In the context, hnk might also be translated as “dedicated.” Abraham takes these men because they are born in his house; that is, they are dedicated to him.

In Proverbs 22:6, then, it would be more accurate to translate: “Dedicate a youth to the way he should go.”**** What difference does it make to translate the verse this way? A dedication is something that happens once, as the dedication of a new building. When, in Nehemiah 12, the rebuilt wall of Jerusalem is dedicated, a purification of the people and the wall itself takes place, and there is a great celebration. When the altar is dedicated (Numbers 7), there are offerings. The altar is put into use, that is, it is given its purpose. It is also consecrated; it is set aside, i.e. made holy to the Lord.

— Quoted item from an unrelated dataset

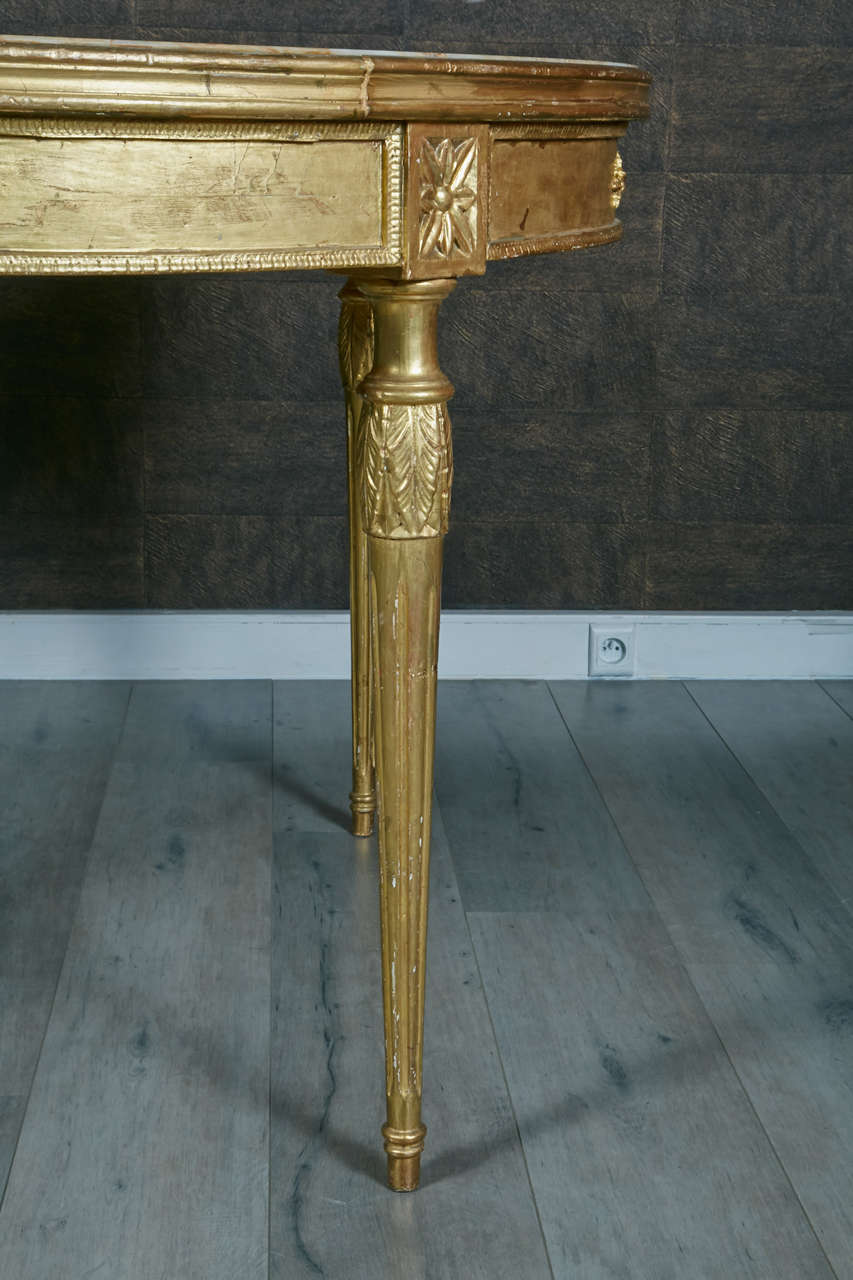 1880s Italian Giltwood Louis XVI Style Center Table 4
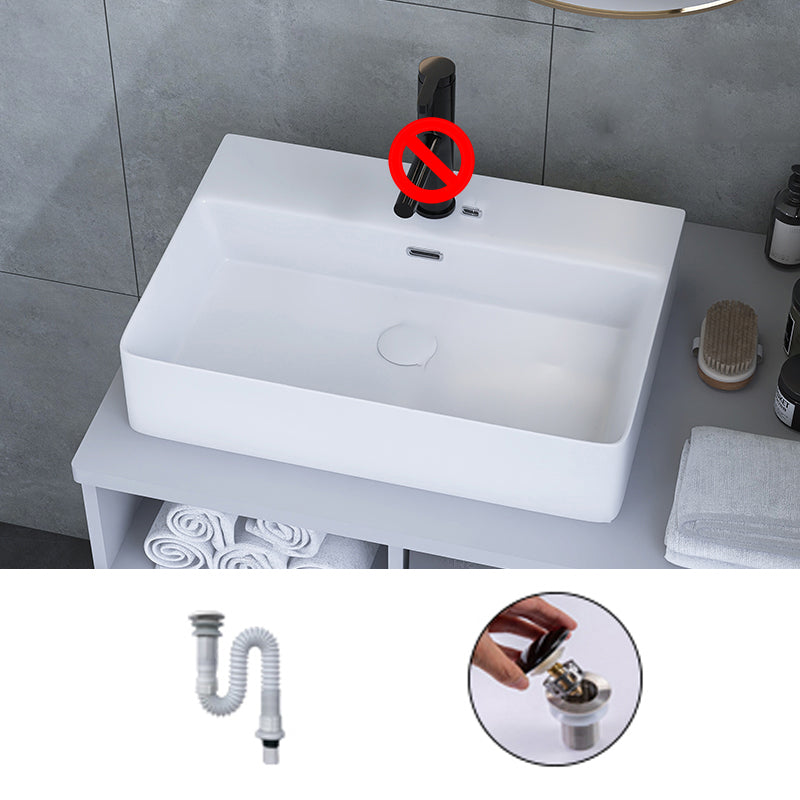 White Trough Bathroom Sink Rectangle Ceramic Trough Bathroom Sink 24"L x 17"W x 5"H Unavailiable Sink Clearhalo 'Bathroom Remodel & Bathroom Fixtures' 'Bathroom Sinks & Faucet Components' 'Bathroom Sinks' 'bathroom_sink' 'Home Improvement' 'home_improvement' 'home_improvement_bathroom_sink' 7196171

When is a child dedicated? In the Old Testament, for a boy, this would be at his circumcision when he is physically included in the people of God. In the Christian era, for boys and girls, it is at baptism when the child is publicly included in the visible church, God’s covenant community.

We discipline our children because they are dedicated to the Lord, both because we love them and because we desire that they walk in the right path and turn from all sin. But I don’t believe there is much in this verse to guide us in how that discipline occurs.

Conclusions

The picture given of discipline is very similar in the Old and New Testaments. Discipline is something God does to His people and something parents do to their children. In both cases the motive is love and the goal is the sanctification of the individual. The Bible does not lay out for us anywhere just what parental discipline should look like, but in both Testaments there is a clear connection to physical punishment.  While this association is unequivocal, it does not seem to be the entirety of discipline. Oral instruction is also discipline.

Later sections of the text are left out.